Ex-London mayor suspended over Hitler comment

LONDON (AA) – Britain’s main opposition Labour Party has suspended a former mayor of London over a media interview in which he described Hitler as a Zionist.

Ken Livingstone, who served as the U.K. capital city’s first mayor and is a member of the party’s main decision-making body, was suspended amid claims Labour has become tolerant of anti-Semitism among its membership.

The former mayor made his remarks Thursday to support another Labour lawmaker, Naz Shah, who herself was suspended the previous day over allegations of making anti-Semitic remarks on social media.

Livingstone told BBC radio Thursday that he had never heard anyone in the Labour Party say anything anti-Semitic.

He continued: “Let’s remember, when Hitler won his election in 1932 his policy then was that Jews should be moved to Israel.

“He was supporting Zionism before he went mad and ended up killing 6 million Jews.”

A Labour spokesman said Livingstone had been suspended for “bringing the party into disrepute”.

Shah was suspended from the party Wednesday for a 2014 Facebook post in which she shared a graphic of Israel’s outline superimposed onto a map of the United States with the headline “Solution for Israel-Palestine Conflict – Relocate Israel into United States”. Shah commented underneath: “Problem solved”.

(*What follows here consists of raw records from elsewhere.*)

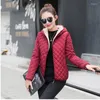 Women's Trench Coats Fall Cotton Top Jackets Women Plus Velvet Lamb Hooded Coat Winter Jacket Womens Outwear Female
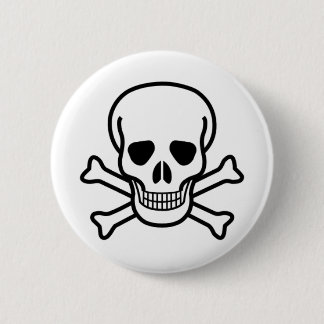 Totenkopf mit gekreuzter Knochen Button
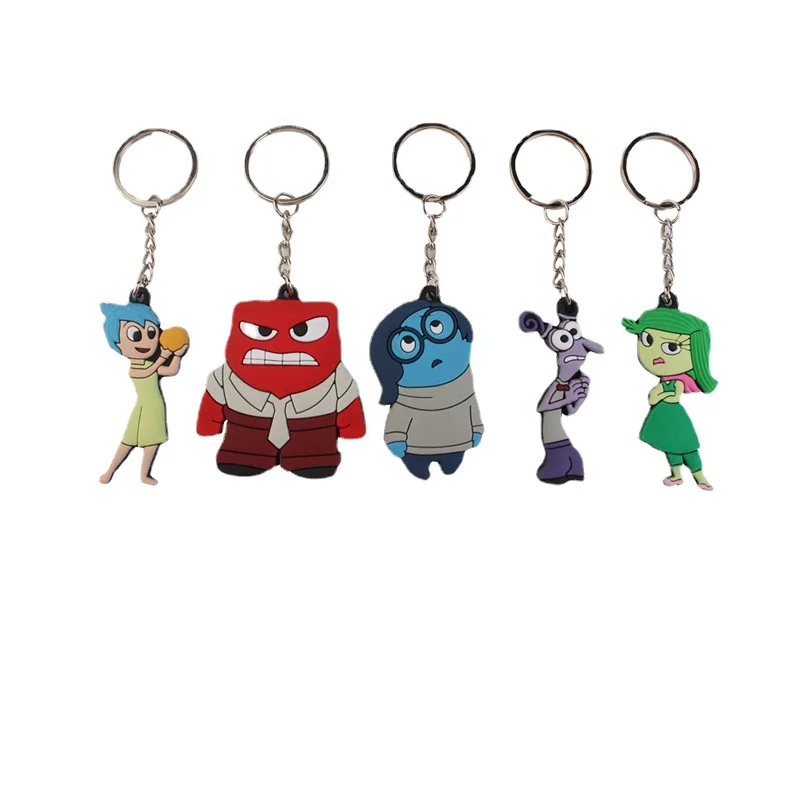 Cartoon Anime Inside Out Disney Series PVC Doll Cars Keychain Pendant for Men and Women\'s Universal Decorative Product Accessory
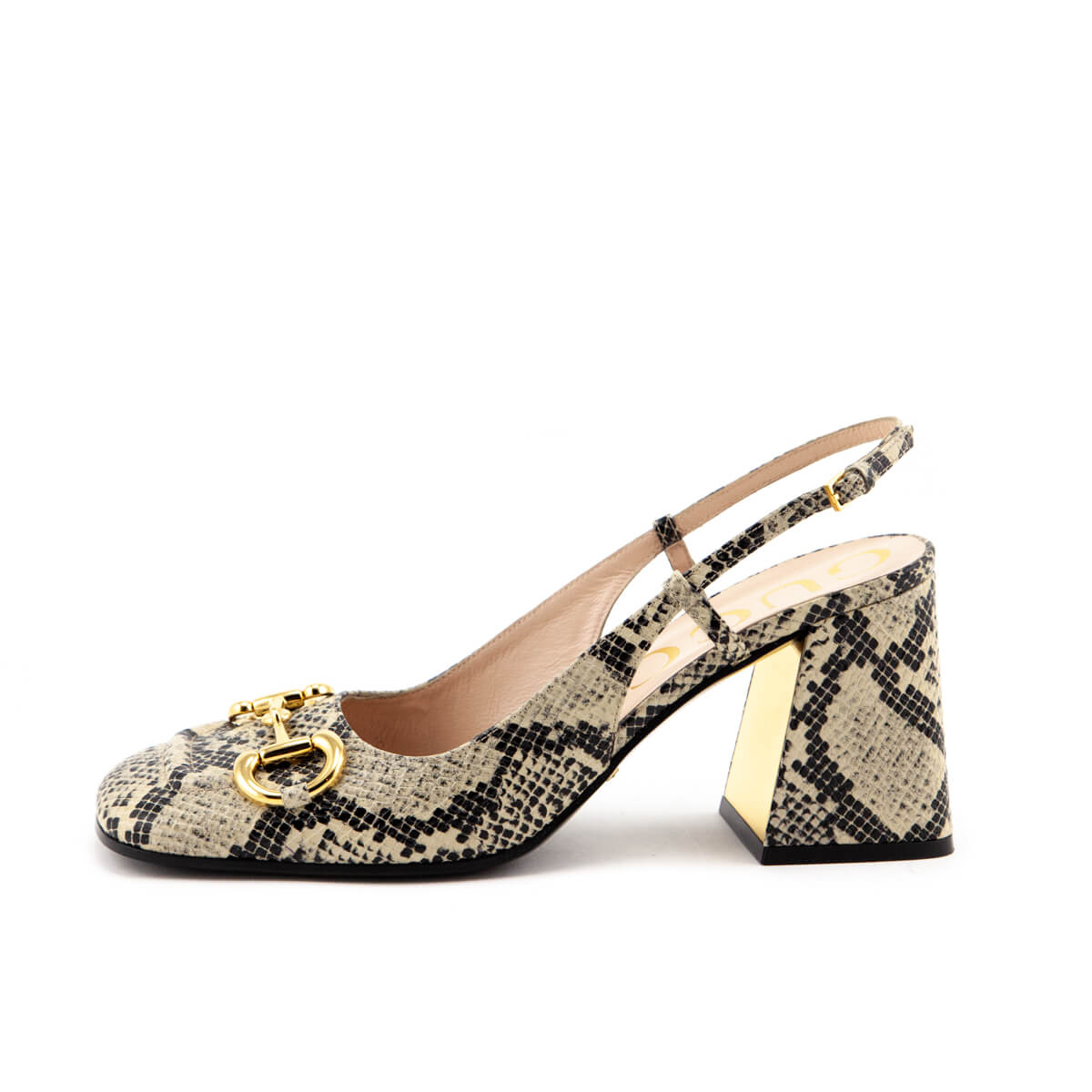 Gucci Beige & Black Leather Python Print Horsebit Accent Slingback Pumps Size 10 | EU 40 - Love that Bag etc - Preowned Authentic Designer Handbags & Preloved Fashions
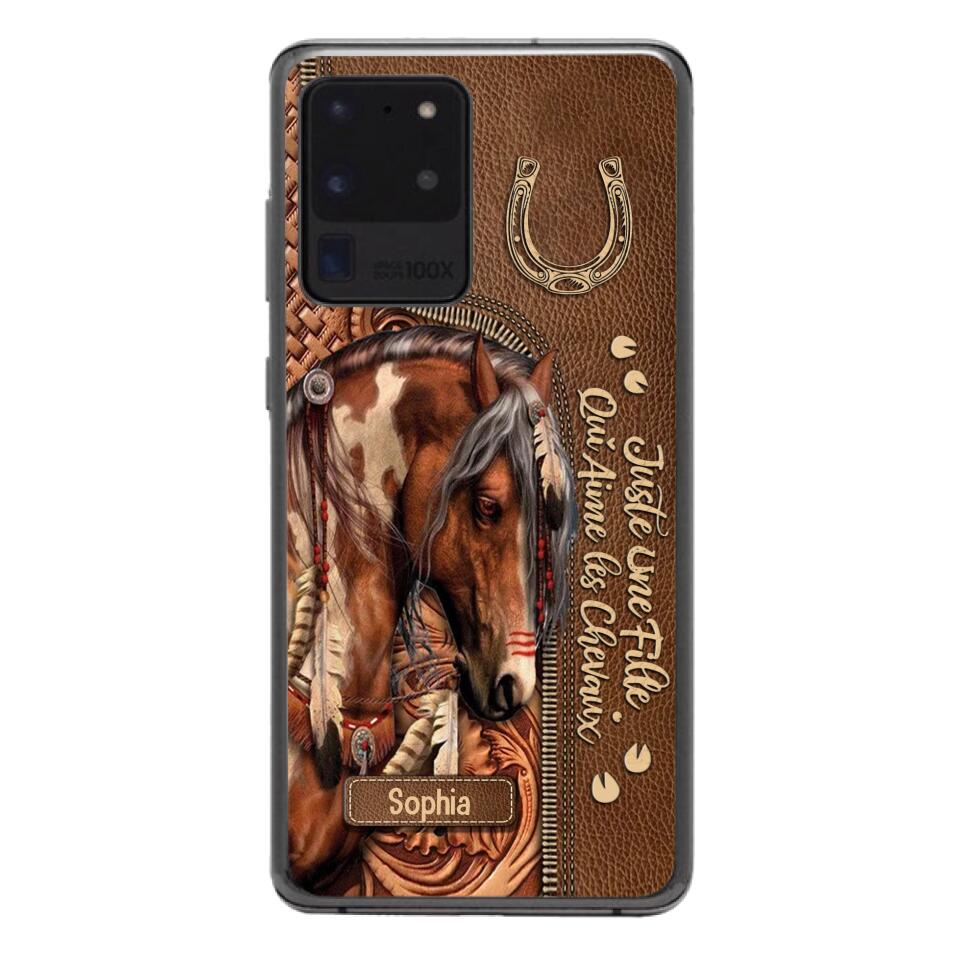 Coque de téléphone personnalisée Amoureux des chevaux imprimée 22MAY-HQ12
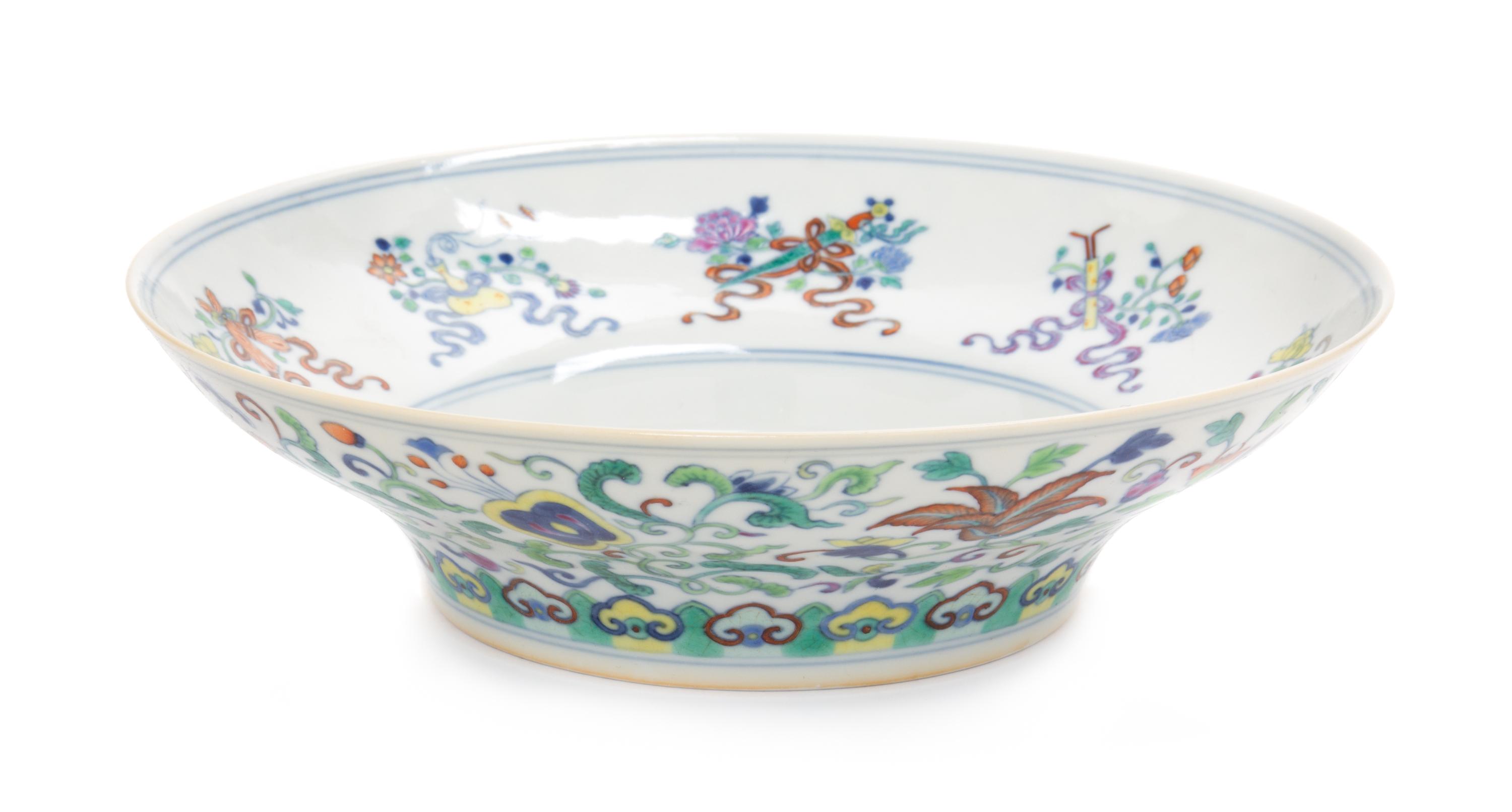 A Doucai Ogee-Form Porcelain Bowl Diameter 8 inches. — QIANLONG PERIOD (1736-1795)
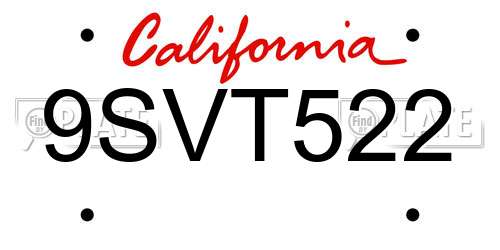 9SVT522 California License Plate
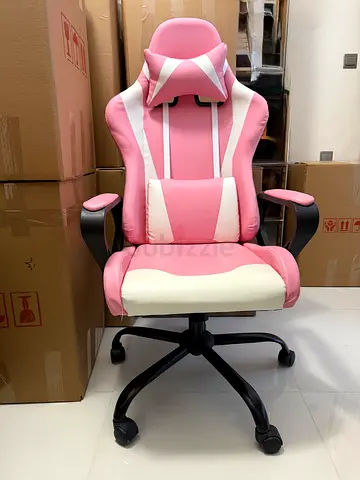 Pink and White Gaming/Office Chair with Head  Lumbar Support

The two are the most senior figures to be suspended in a growing controversy over Labour’s to the Jewish community. David Abrahams, a party donor, said the growth of anti-Semitism in the party was “a plague that has to be stamped out”.

He told the U.K.-based Jewish News: “Jews and others with values and principles need to work together within the movement to stop the rot.”

Livingstone served as the first mayor of London from 2000 until he lost re-election to Conservative Boris Johnson in 2008.